I was once driving in the car.
And there was a car driving in front of me and I was in I was in the left lane, you know, the fast lane. And if you don't know, this is a public service announcement. It's all the data. The left lane is a fast lane, if you're trying to drive slow move to the right lane, right.
I was in the left lane. And one of my biggest pet peeves is the issue of the fast lane, the slow lane I look, you know, because you know, I travel a lot, and other countries around the world, they all seem to have this problem, like everyone understands that there's a fast lane, and they're just slowly, especially in Europe, and so on and so forth. But it just seems that Americans have this issue where we don't understand the concept of a fast lane. And slowly so one of my pet peeves is somebody's driving, like, exceedingly slow in like the left lane. So I was driving and there's a car in front of me driving slow. And you know, my friend of mine was sitting next to me. And he could
see me getting getting visually agitated, and annoyed and upset. I said anything yet my body language probably spoke to him. And he said, You know what's wrong? I said, Can you believe this, like this person? You know, in the left line, I can't believe people still do this. And he said, let me ask you a question. He said, I know you're feeling upset. And this is one of my mentors and someone that I look up to. He said, I know you're feeling upset, and you're feeling annoyed right now. But how would you feel? If you were to find out that it was your mother in that car in front of you? You know, maybe your mother maybe a little bit elderly, older, right? How would you behave? If
you found out that was your mother and she was struggling to drive and you know, she's trying to figure out what's happening.

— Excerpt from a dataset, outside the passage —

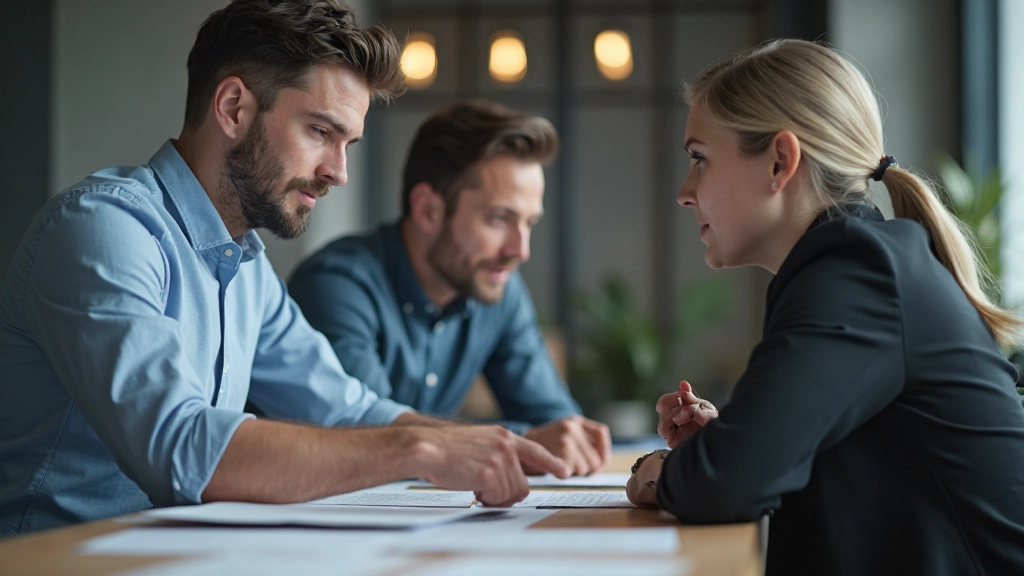 Review-Meeting mit Design-System: Designer diskutiert Komponenten-Updates auf Whiteboard und Monitor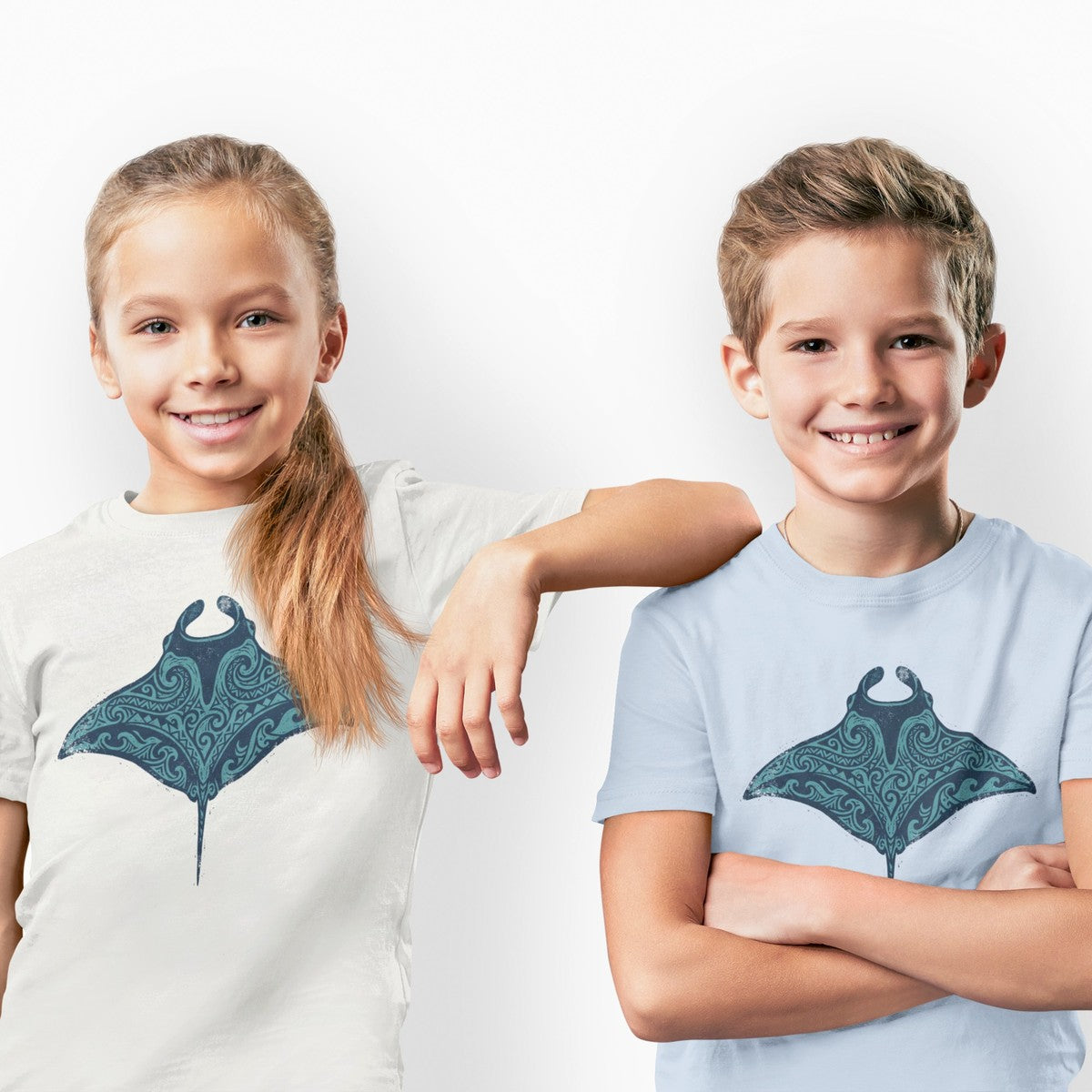 On-model lifestyle photo of the Tribal Manta Ray Polynesian Hawaiian Graphic Kids Hawaiian T-shirt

And that as soon as he said those words, it just brought a sense of calm over me. And I immediately backed off and I wanted not only was I not upset, I wanted to help the person. I wanted to guard that car from other cars. Why? Because it's my mom now. Right? What is that? That is empathy.
And if we just treated people in the way that we would want to be treated, it would drastically change the way we
We just need to drastically change our behavior. Right? How often do we see someone doing something that makes us upset? And we say to ourselves, how would I, what if what if I was in that situation, or making excuses for someone, giving someone the benefit of the doubt and you know, one of the goals of this and fun, by the way, is to block off giving people the benefit of the doubt, you know, this concept of Sue have been, right giving people or thinking evil or bad people, this goes against our morals as Muslims, that the default as a Muslim is that we give people the benefit of the doubt, unless we're absolutely positive, we're sure that they that they intended something bad or evil for
us. And also the concept of understanding that some people are simply ignorant. Some people are ignorant, some people just don't know. And so someone comes in they they behave with us in a way that we don't like? Well, one of the things that we remind ourselves of is that this person may just simply be ignorant,
right, instead of authorizing the person, and the irony of other people, is that sometimes we end up treating people in a way in which we are blaming them for so someone is racist towards us, or someone is
Islamophobic towards us. Right? And that, what does that do to us? Well, we get angry, we get upset, we have resentment that may be built up. And now we believe that it is okay to treat this person in a bad way. Because we have been treated in that way. And we resort to the same behavior that they are behaving in. And as a Muslim, we're supposed to be above that. We're supposed to understand that yes, not to justify people's bad behavior. And obviously, as Muslims, we stand for truth and for justice, and if someone is behaving wrong, then obviously we will stand for what is correct. But to turn around and treat a person in the way that they're treating us. Well, that's simply not okay.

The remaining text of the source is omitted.